Alla Galleria 13 di Reggio in mostra “Il Mosaico del Mondo” di Maurizio Galimberti

Maurizio Galimberti PCL-Roma-Studio5-01032024 – MG

La Galleria13 di Reggio si prepara a inaugurare la mostra fotografica “Maurizio Galimberti – Il Mosaico del Mondo”: il vernissage è in programma sabato 11 ottobre alle 17.30 nella sede della galleria, in via Roma 34/b, alla presenza dell’artista. La personale, a ingresso gratuito, sarà visitabile fino al 30 novembre.

Saranno esposte opere a mosaico scattate in varie parti del mondo – Parigi, New York, Milano – e decine di singole polaroid manipolate dall’artista: uno spaccato emblematico e rappresentativo della visione fotografica e artistica di Galimberti, fotografo italiano di fama internazionale, noto per il suo approccio unico e sperimentale all’immagine, in particolare per l’uso creativo dell’istantanea, che ha saputo elevare a forma d’arte complessa, dimostrando che anche un mezzo considerato “minore” può veicolare contenuti profondi e visioni originali.


Nato nel 1956 a Como, Galimberti ha saputo costruire un linguaggio visivo personale, capace di fondere fotografia, pittura e frammentazione cinematografica. Il tratto distintivo del suo lavoro è senza dubbio la composizione a mosaico, una tecnica che ha reso celebre il suo stile e che lui stesso ha sviluppato con originalità a partire dall’uso della Polaroid SX-70, una macchina fotografica analogica a sviluppo istantaneo. Questo strumento, apparentemente semplice e “popolare”, nelle sue mani diventa mezzo di una ricerca estetica raffinata e concettualmente complessa dove è facile riconoscere l’influenza di grandi maestri come Umberto Boccioni e Marcel Duchamp.

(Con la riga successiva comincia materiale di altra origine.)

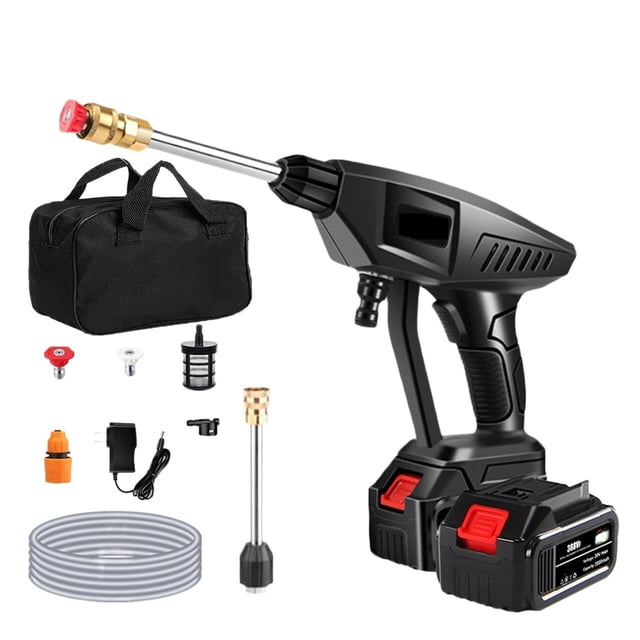 Cordless High Pressure Car Washer Spray Cordless Portable Car Wash Pressure Cleaner Cleaning Machine For 18V Battery ,Easy Use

Nelle sue composizioni il soggetto viene decostruito e riassemblato secondo un procedimento matematico e rigoroso che richiama l’armonia di una composizione musicale. Ogni immagine è come la tessera di un puzzle, e solo nel momento della ricomposizione – fisica, materiale – il soggetto torna a esistere, ma in una forma nuova e alterata. Questo processo produce una visione frammentata ma dinamica, che suggerisce il movimento del tempo, lo sguardo in trasformazione, la memoria visiva che si ricompone in modo non lineare.

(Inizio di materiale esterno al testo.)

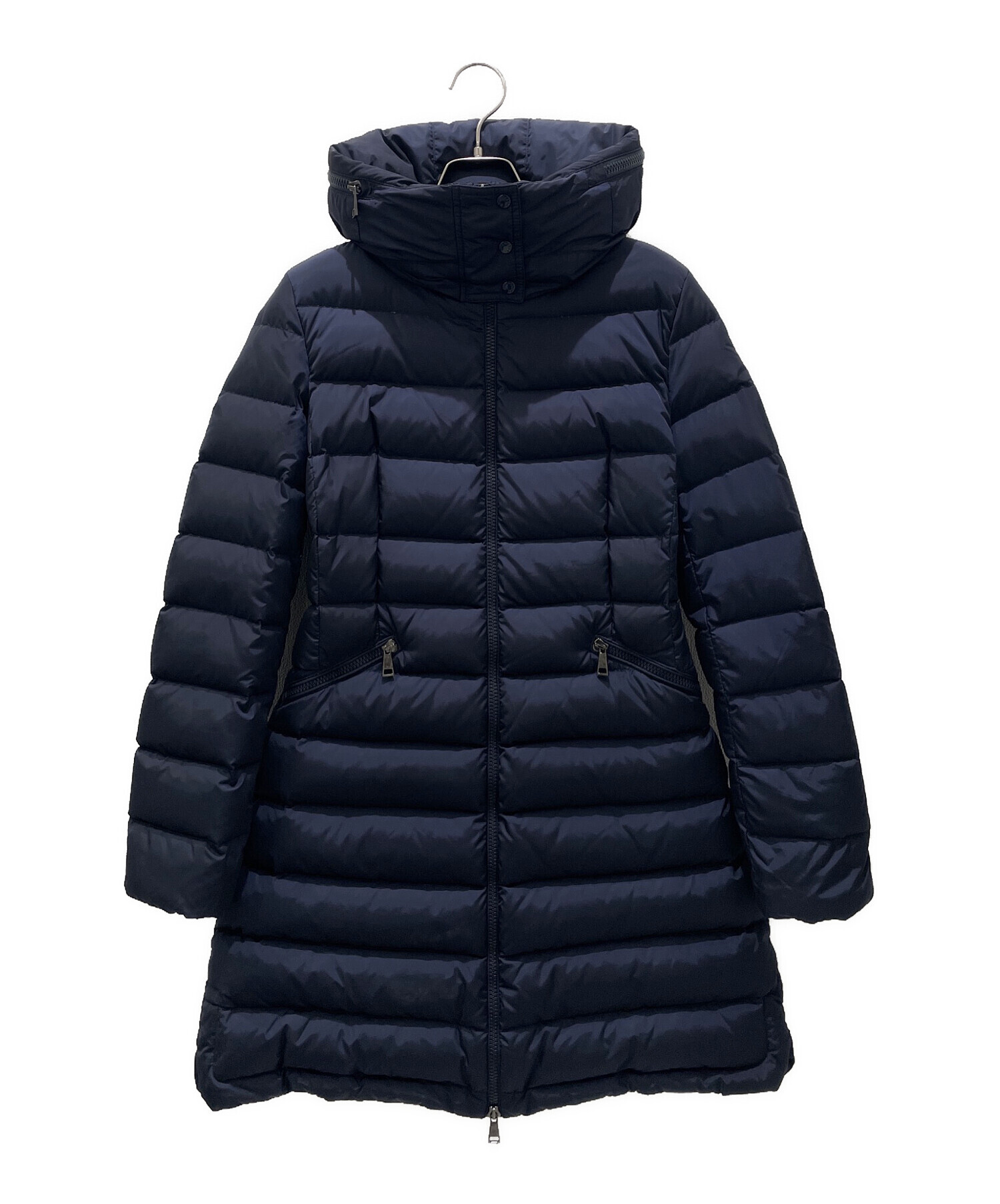 在庫あり即納 MONCLER モンクレール ダウンコート ネイビー 120 【公式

Uno dei temi più affascinanti del lavoro di Galimberti è il suo rapporto con le città. In opere come “Viaggio in Italia”, “Paris”, “New York” o “Milano”, l’artista interpreta il paesaggio urbano non come semplice documentazione, ma come ritratto emotivo e architettonico dell’anima del luogo. Le città, sotto il suo sguardo, si trasformano in composizioni poetiche fatte di geometrie, luci e ombre, visioni moltiplicate che sembrano respirare. Le sue fotografie urbane non sono mai statiche, sembrano sempre in movimento, quasi come fotogrammi di un film mentale, e costringono lo spettatore a ricostruire mentalmente la totalità dell’immagine. Questo coinvolgimento attivo dello spettatore è una delle caratteristiche più forti del suo linguaggio visivo.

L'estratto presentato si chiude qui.